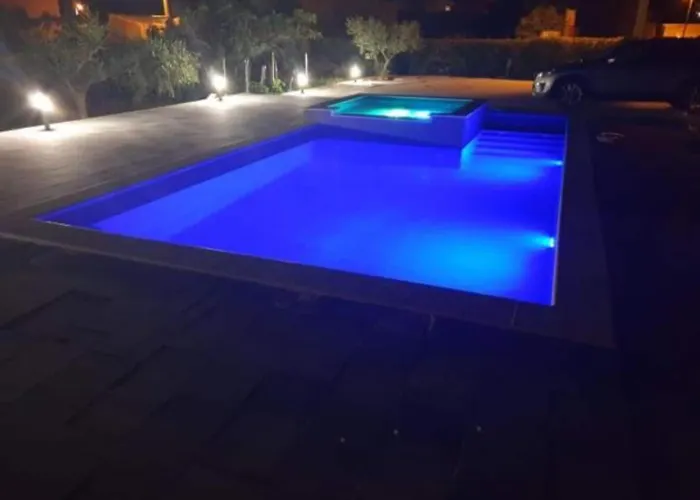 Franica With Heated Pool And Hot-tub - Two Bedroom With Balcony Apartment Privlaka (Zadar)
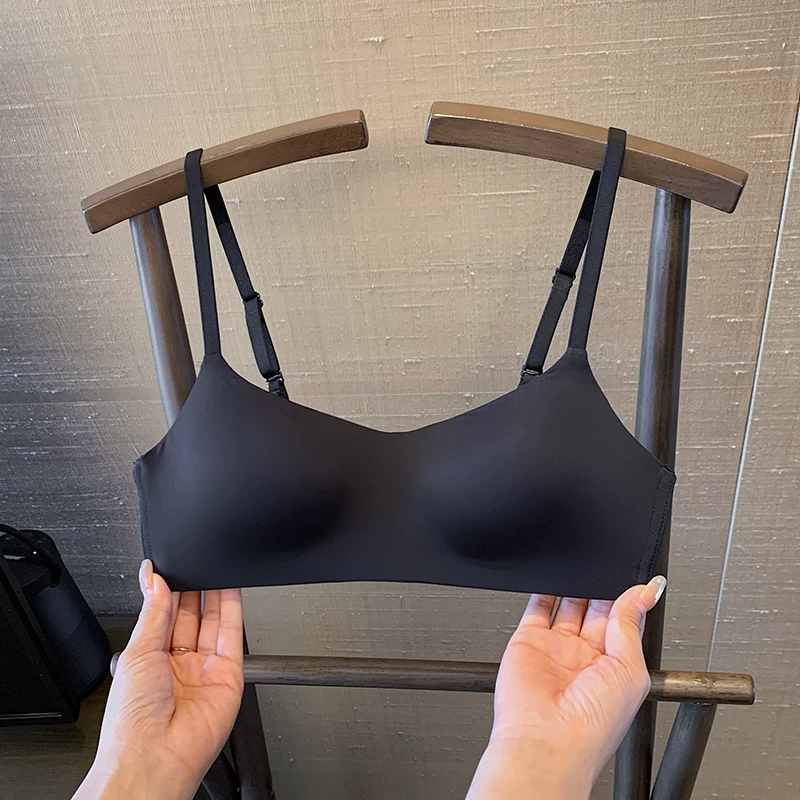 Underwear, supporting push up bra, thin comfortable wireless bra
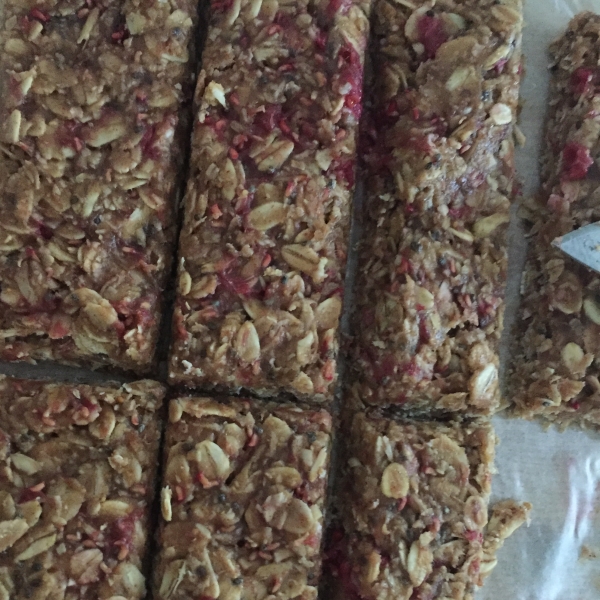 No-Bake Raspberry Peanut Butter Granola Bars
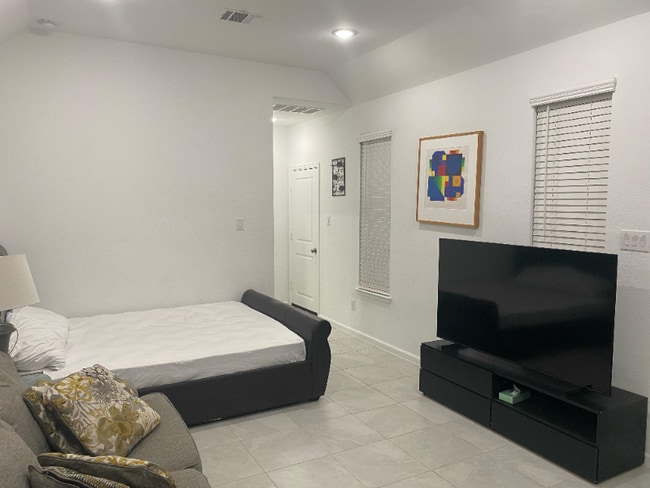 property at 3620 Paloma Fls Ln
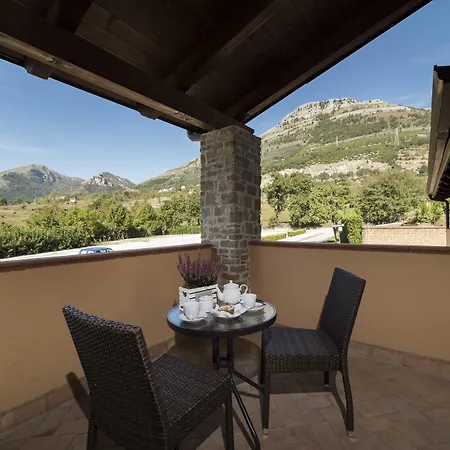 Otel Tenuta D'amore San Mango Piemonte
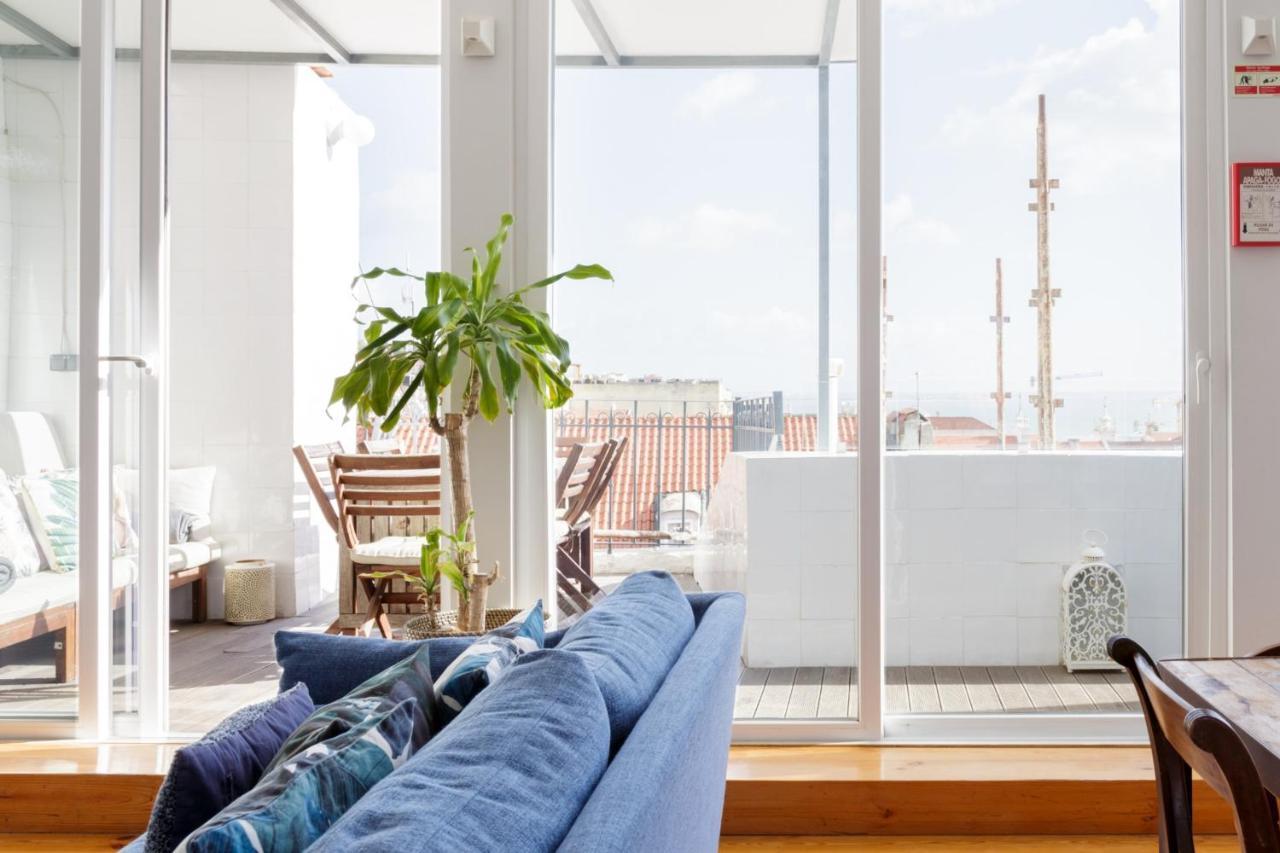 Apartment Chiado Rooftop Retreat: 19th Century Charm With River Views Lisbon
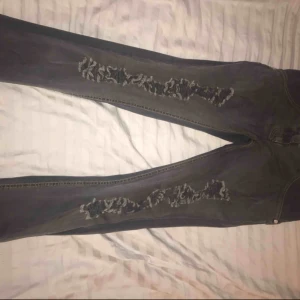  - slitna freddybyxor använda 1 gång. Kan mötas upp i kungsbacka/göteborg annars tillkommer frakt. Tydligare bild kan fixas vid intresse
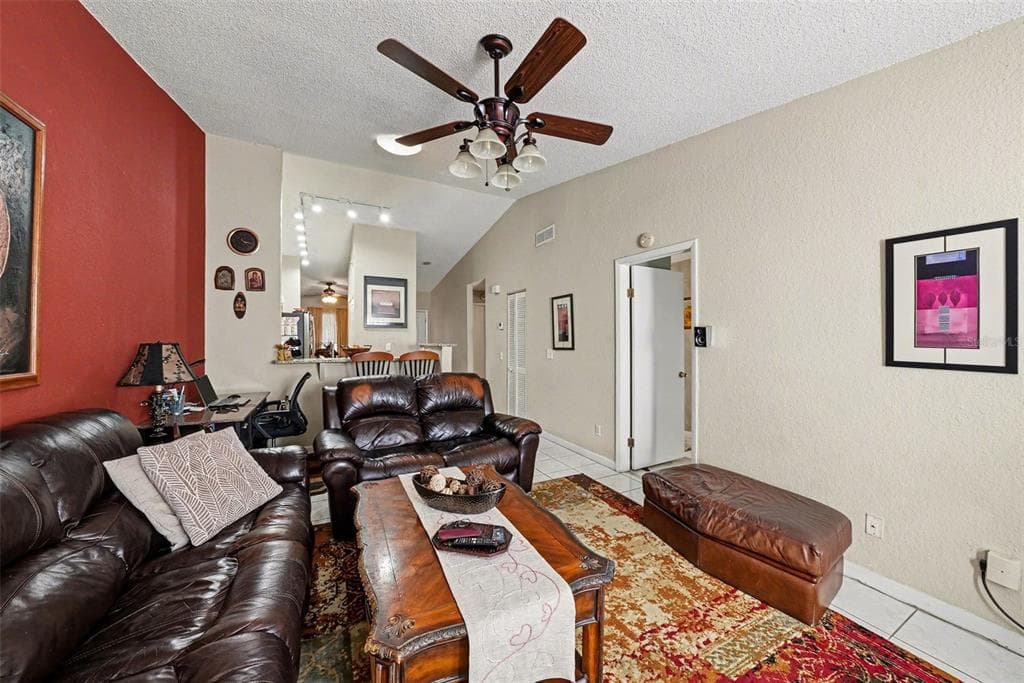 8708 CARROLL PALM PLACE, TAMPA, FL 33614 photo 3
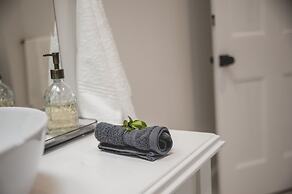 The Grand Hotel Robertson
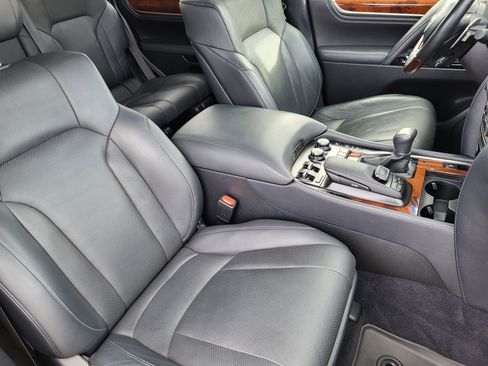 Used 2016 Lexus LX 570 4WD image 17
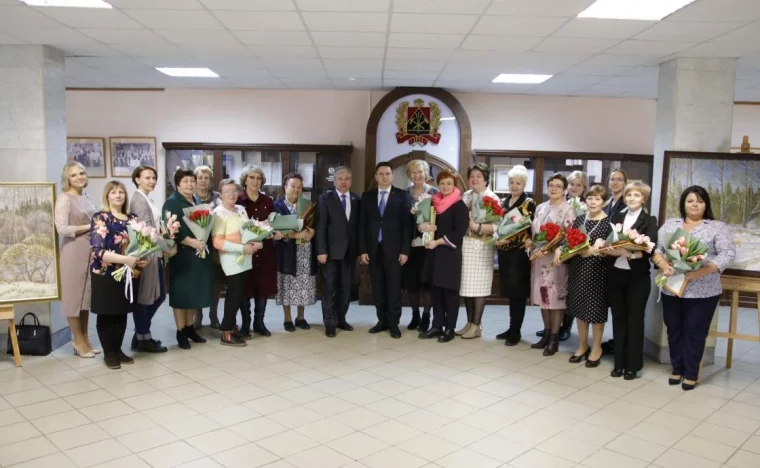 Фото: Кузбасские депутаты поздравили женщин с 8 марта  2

** Task objective **
Print, exactly, each line above from the one with "property at 3620 Paloma Fls Ln" to the one with "- slitna freddybyxor", end lines included. Leave pictures out of it.

** Task solution **
 property at 3620 Paloma Fls Ln
 Otel Tenuta D'amore San Mango Piemonte
 Apartment Chiado Rooftop Retreat: 19th Century Charm With River Views Lisbon
  - slitna freddybyxor använda 1 gång. Kan mötas upp i kungsbacka/göteborg annars tillkommer frakt. Tydligare bild kan fixas vid intresse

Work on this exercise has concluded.